AI predicts future pancreatic cancer: Research – ET HealthWorld


Washington : According to new investigation led by researchers from Harvard Medical School and the University of Copenhagen, in collaboration with the VA Boston Healthcare System, Dana-Farber Cancer Instituteand the Harvard T.H. Chan School of Public Healtha artificial intelligence tool has successfully identified people most at risk of pancreatic cancer up to three years before diagnosis using only the medical records of the patients.

The findings, published May 8 in Nature Medicine, suggest that AI-based population assessment could be valuable in finding people at elevated risk of disease and could speed up diagnosis of a condition that is all too often in the advanced stages when treatment is less effective and results are grim, the researchers said. Pancreatic cancer It is one of the world’s deadliest cancers and its toll is expected to increase.

Currently, there are no population-based tools to broadly detect pancreatic cancer.
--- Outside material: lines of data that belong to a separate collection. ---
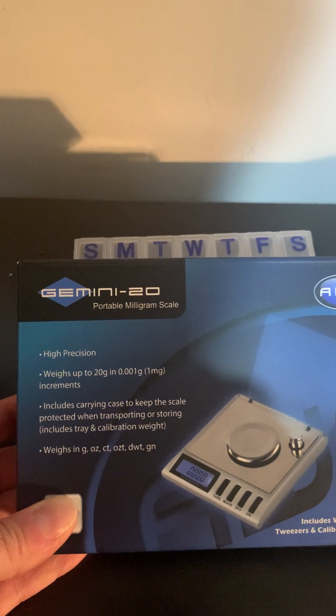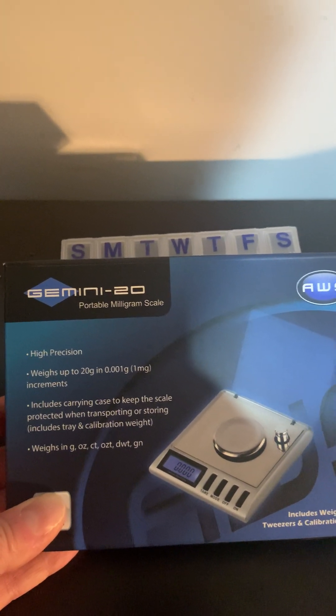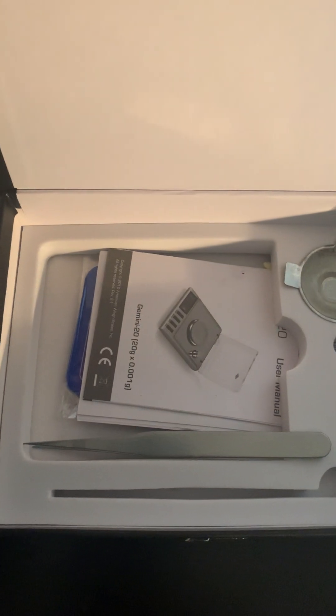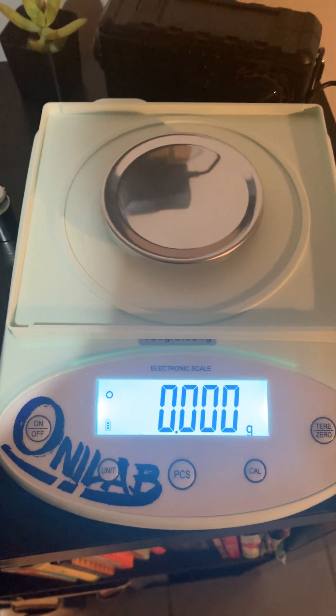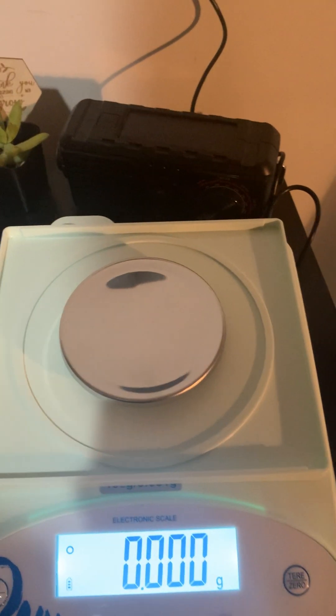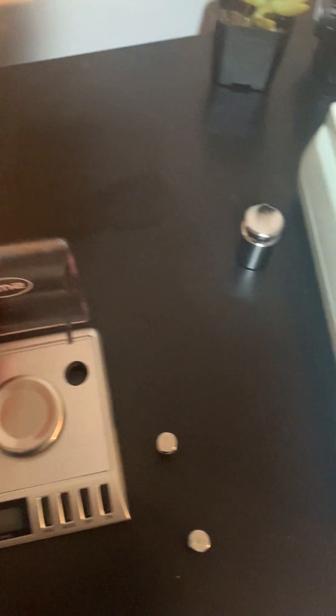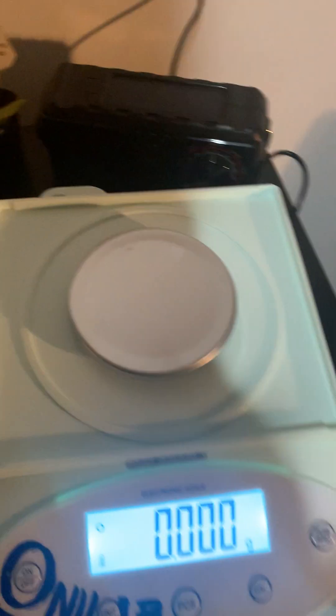The Gemini 20 includes a carrying case to keep the scale protected during transport and storage. It has a number of different weight types, comes with a cool little dish if you're measuring powder, and also comes with nice tweezers, which I've been using to move the pill back and forth on the scale. The Onilab didn't come with the dish or tweezers, but it did come with a big glass case to shield it from wind — you can do the same thing with the Gemini by just putting the cover on top.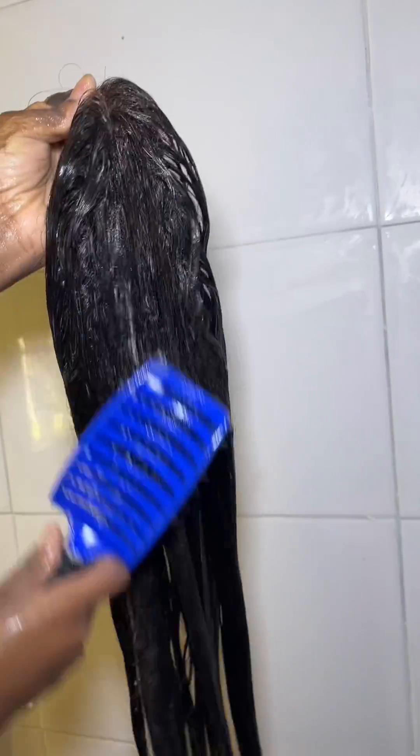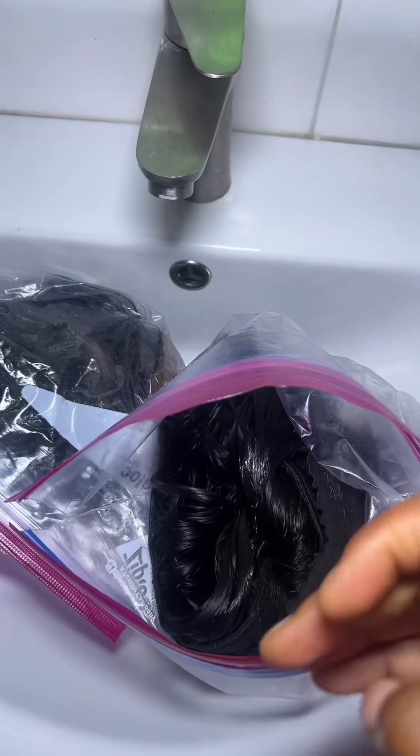For the treatment, mix it and use your finger to rub it into the wig hair itself. Then tuck the hair into the wig cap and put it in a Ziploc bag. Get a bowl of steaming hot water and put the Ziploc bag into the water. Let it sit for about 30 minutes or more.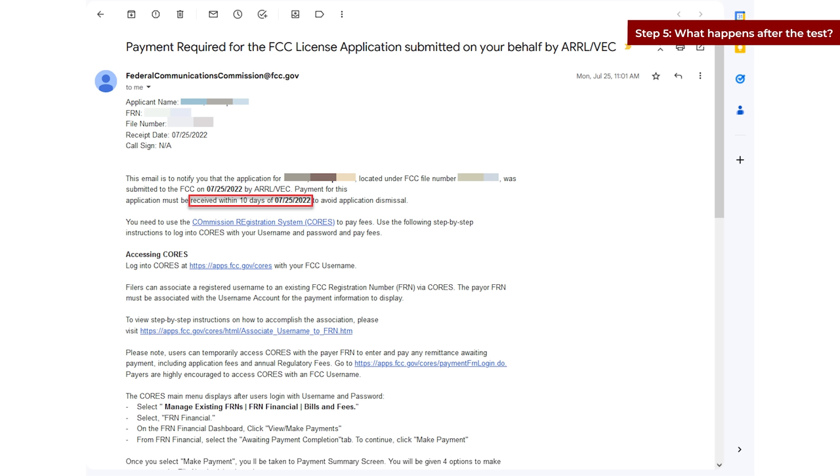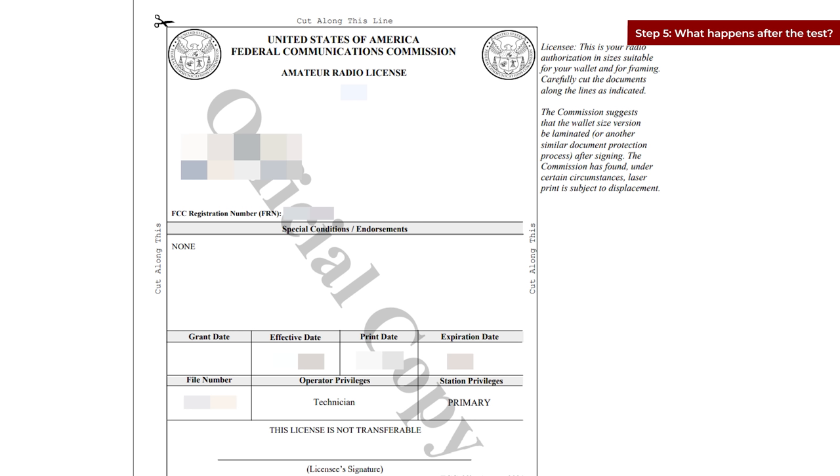Step five: what happens after the test? Once you pass, you're going to get an email from the FCC to pay a fee to get your license. You need to pay this fee within 10 days of taking your test. If you have any issues or don't get a notification, reach out to the person who administered it — mine took a little longer because they mailed in my test, which delayed my notification. Once you pay the FCC fee of $35, you'll get your license along with your call sign. You can print it out and they'll also send you one in the mail. At this point, you can now legally broadcast on your radio.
Those with a family history and certain genetic mutations that predispose them to pancreatic cancer are specifically evaluated. But such targeted assessments may miss other cases that fall outside of those categories, the researchers said.

“One of the biggest decisions doctors face every day is who is at high risk of disease and who would benefit from further testing, which can also mean more invasive and costly procedures that carry their own risks,” said the study co-author. -Senior Research Fellow Chris Sander, faculty member in the Department of Systems Biology at the Blavatnik Institute at HMS. “An artificial intelligence tool that can zero in on people at higher risk of pancreatic cancer who will benefit most from more testing could go a long way toward improving clinical decision making.”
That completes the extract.